Futurity

Managers repay loyal workers with unpaid labor

"Companies want loyal workers... But it seems like managers are apt to target them for exploitative practices."
"Do more" on computer screen on wooden desk with keyboard. Gloomy lighting

Managers target loyal workers over less committed colleagues when dolling out unpaid work and additional job tasks, research finds.

“Companies want loyal workers, and there is a ton of research showing that loyal workers provide all sorts of positive benefits to companies,” says Matthew Stanley, the lead researcher on the new paper and postdoctoral researcher at Duke University’s Fuqua School of Business. “But it seems like managers are apt to target them for exploitative practices.”

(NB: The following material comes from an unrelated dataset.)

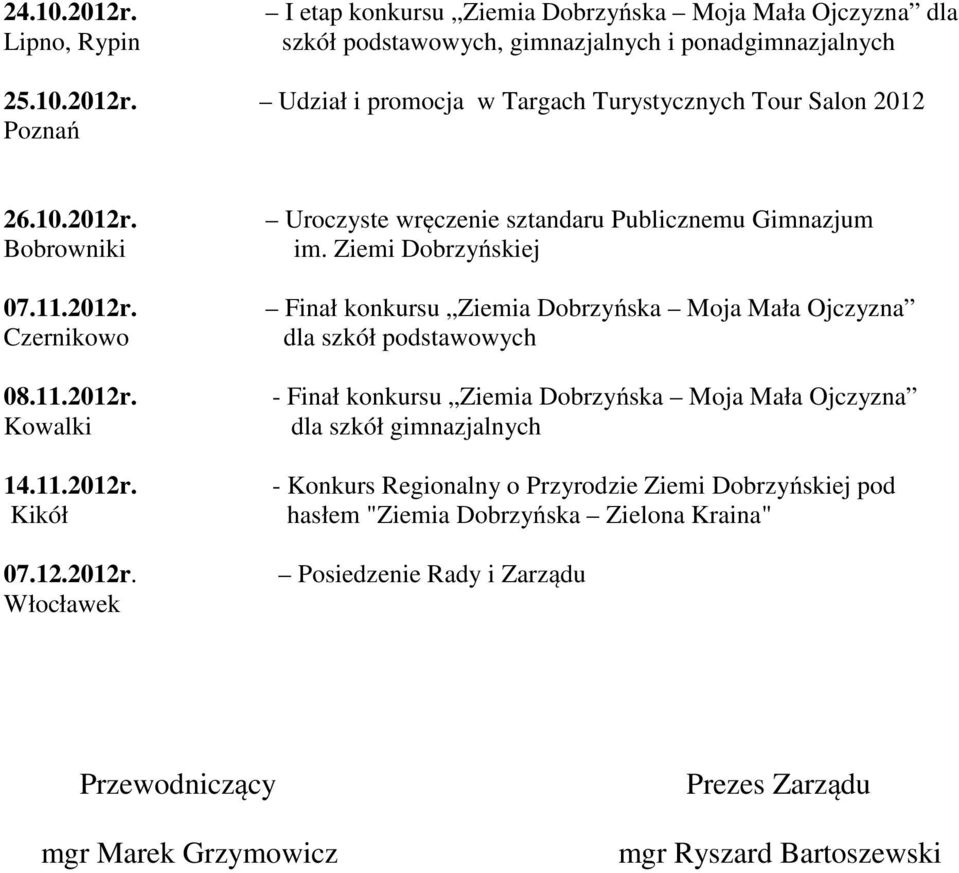 Ziemi Dobrzyńskiej Finał konkursu Ziemia Dobrzyńska Moja Mała Ojczyzna dla szkół podstawowych - Finał konkursu Ziemia Dobrzyńska Moja Mała Ojczyzna dla szkół gimnazjalnych - Konkurs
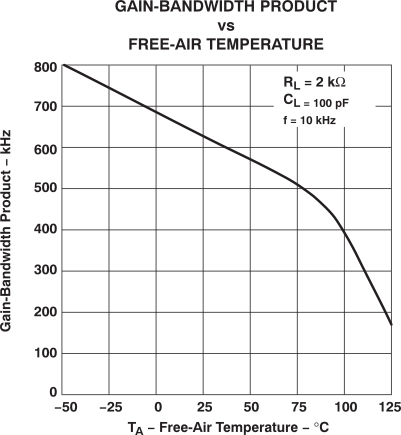 TLV2432-Q1 TLV2432A-Q1 TLV2434A-Q1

That’s the main conclusion from a series of experiments conducted by Stanley and his colleagues Chris Neck and Chris Neck, father-and-son researchers at Arizona State University and West Virginia University, respectively.

The findings appear in the Journal of Experimental Social Psychology.

For the study, Stanley recruited nearly 1,400 managers online to read about a fictional 29-year-old employee named John. The mangers all learned that John’s company was on a tight budget, and to keep costs down, had to decide how willing they would be to task John with extra hours and responsibilities without any extra pay. (Participants handing out the unpaid work in Stanley’s study were compensated $12 an hour.)

No matter how Stanley and his colleagues framed the scenario, branding John as loyal always resulted in managers being more willing to ask him to shoulder the unpaid labor.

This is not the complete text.